OpenAI has mitigated a data exfiltration bug in ChatGPT that could potentially leak conversation details to an external URL.
According to the researcher who discovered the flaw, the mitigation isn’t perfect, so attackers can still exploit it under certain conditions.
Also, the safety checks are yet to be implemented in the iOS mobile app for ChatGPT, so the risk on that platform remains unaddressed.
Security researcher Johann Rehberger discovered a technique to exfiltrate data from ChatGPT and reported it to OpenAI in April 2023. The researcher later shared in November 2023 additional information on creating malicious GPTs that leverage the flaw to phish users.
“This GPT and underlying instructions were promptly reported to OpenAI on November, 13th 2023,” the researcher wrote in this disclosure.
“However, the ticket was closed on November 15th as “Not Applicable”. Two follow up inquiries remained unanswered. Hence it seems best to share this with the public to raise awareness.”
GPTs are custom AI models marketed as “AI apps,” specializing in various roles such as customer support agents, assisting in writing and translation, performing data analysis, crafting cooking recipes based on available ingredients, gathering data for research, and even playing games.
Following the lack of response by the chatbot’s vendor, the researcher decided to publicly disclose his findings on December 12, 2023, where he demonstrated a custom tic-tac-toe GPT named ‘The Thief!,’ which can exfiltrate conversation data to an external URL operated by the researcher.
The data theft involves image markdown rendering and prompt injection, so the attack requires the victim to submit a malicious prompt that the attacker directly supplied or posted somewhere for victims to discover and use.
Alternatively, a malicious GPT can be used, like Rehberger demonstrated, and users who use that GPT wouldn’t realize their conversation details along with metadata (timestamps, user ID, session ID) and technical data (IP address, user agent strings) are exfiltrated to third-parties.
After Rehberger publicized the flaw details on his blog, OpenAI responded to the situation and implemented client-side checks performed via a call to a validation API to prevent images from unsafe URLs from rendering.

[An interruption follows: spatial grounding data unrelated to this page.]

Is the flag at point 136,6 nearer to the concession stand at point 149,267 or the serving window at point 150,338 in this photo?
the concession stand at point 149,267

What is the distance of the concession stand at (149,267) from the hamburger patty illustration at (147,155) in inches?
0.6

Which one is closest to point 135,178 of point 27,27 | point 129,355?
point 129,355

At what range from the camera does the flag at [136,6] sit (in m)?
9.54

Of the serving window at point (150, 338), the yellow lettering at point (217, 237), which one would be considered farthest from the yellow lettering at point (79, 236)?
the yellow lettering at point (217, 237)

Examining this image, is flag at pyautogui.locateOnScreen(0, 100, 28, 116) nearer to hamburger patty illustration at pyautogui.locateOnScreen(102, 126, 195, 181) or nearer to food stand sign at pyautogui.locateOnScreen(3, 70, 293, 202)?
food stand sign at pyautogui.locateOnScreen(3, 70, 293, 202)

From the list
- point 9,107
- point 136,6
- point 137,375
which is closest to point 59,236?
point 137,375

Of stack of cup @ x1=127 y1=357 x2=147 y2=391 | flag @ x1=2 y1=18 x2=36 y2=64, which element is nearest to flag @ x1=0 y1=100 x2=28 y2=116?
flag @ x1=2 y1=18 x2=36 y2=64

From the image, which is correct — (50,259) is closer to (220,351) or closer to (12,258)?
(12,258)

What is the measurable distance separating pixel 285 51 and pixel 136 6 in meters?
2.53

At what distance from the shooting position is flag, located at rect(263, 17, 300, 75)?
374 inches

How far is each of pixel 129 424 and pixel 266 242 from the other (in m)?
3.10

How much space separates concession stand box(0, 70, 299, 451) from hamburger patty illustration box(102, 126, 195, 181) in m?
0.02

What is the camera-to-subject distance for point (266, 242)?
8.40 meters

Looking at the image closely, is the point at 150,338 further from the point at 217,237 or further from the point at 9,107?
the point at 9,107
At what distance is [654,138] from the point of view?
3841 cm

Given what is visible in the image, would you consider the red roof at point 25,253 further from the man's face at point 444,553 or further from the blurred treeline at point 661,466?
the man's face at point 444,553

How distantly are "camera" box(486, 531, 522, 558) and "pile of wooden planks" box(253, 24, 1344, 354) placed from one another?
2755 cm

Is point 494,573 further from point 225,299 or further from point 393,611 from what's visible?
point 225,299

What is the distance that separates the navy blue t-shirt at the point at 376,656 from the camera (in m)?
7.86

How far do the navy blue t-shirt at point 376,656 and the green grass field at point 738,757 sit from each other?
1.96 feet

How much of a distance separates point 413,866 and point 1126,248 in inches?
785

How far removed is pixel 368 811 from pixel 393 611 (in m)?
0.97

“When the server returns an image tag with a hyperlink, there is now a ChatGPT client-side call to a validation API before deciding to display an image,” explains Rehberger in a new post that revisits the issue to discuss the fix.

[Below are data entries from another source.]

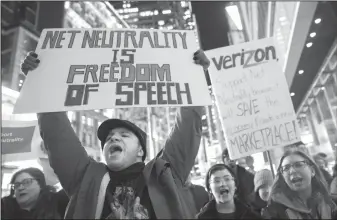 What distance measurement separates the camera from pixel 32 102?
1463 millimetres

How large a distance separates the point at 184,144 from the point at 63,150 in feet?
2.19

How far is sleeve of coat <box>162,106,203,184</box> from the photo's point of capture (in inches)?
64.5

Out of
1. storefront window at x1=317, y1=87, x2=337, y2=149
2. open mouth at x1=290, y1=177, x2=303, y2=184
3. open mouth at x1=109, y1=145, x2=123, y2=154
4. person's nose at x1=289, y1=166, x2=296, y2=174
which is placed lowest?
open mouth at x1=290, y1=177, x2=303, y2=184

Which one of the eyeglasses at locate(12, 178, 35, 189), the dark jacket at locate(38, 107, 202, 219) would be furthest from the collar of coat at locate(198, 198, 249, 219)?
the eyeglasses at locate(12, 178, 35, 189)

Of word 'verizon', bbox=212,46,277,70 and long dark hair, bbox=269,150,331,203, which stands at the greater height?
word 'verizon', bbox=212,46,277,70

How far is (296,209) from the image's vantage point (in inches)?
61.6

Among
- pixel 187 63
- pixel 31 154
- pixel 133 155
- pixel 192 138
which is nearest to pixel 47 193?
pixel 133 155

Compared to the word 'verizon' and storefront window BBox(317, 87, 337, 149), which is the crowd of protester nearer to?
the word 'verizon'

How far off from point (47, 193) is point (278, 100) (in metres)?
1.63

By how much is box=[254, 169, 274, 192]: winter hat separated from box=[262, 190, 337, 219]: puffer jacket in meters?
0.57

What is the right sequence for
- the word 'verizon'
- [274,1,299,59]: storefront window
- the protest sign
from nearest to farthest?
the word 'verizon', the protest sign, [274,1,299,59]: storefront window

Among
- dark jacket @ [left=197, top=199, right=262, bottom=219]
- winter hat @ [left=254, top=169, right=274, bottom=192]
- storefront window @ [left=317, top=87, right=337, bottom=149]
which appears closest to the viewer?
dark jacket @ [left=197, top=199, right=262, bottom=219]

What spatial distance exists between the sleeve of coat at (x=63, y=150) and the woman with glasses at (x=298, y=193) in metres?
1.06

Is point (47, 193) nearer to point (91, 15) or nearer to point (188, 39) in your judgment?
point (188, 39)
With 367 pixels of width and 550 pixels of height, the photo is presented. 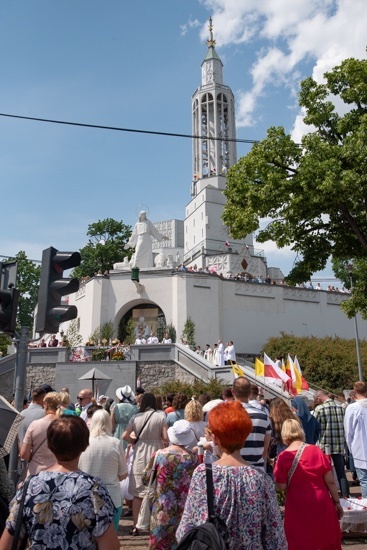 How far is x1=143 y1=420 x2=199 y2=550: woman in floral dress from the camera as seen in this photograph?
16.1 ft

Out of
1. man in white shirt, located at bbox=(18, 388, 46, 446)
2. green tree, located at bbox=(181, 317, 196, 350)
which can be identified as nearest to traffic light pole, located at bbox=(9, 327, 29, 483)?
man in white shirt, located at bbox=(18, 388, 46, 446)

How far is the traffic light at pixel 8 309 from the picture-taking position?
7065 millimetres

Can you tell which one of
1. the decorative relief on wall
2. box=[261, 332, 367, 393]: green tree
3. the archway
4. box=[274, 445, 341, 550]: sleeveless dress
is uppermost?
the decorative relief on wall

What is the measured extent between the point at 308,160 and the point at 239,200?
99.1 inches

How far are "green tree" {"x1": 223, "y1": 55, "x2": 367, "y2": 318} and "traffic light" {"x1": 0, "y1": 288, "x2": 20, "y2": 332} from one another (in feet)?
29.9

“Since ChatGPT is not open source and the fix is not via a Content-Security-Policy (that is visible and inspectable by users and researchers) the exact validation details are not known.”
The researcher notes that in some cases, ChatGPT still renders requests to arbitrary domains, so the attack could still work sometimes, with discrepancies observed even when testing the same domain.
Since specific details on the check that determines if a URL is safe are unknown, there’s no way to know the exact cause of these discrepancies.
However, it’s noted that exploiting the flaw is now more noisy, has data transfer rate limitations, and works a lot slower.
It is also mentioned that the client-side validation call has yet to be implemented on the iOS mobile app, so the attack remains 100% unmitigated there.
It is also unclear whether the fix was rolled out to the ChatGPT Android app, which counts over 10 million downloads on Google Play.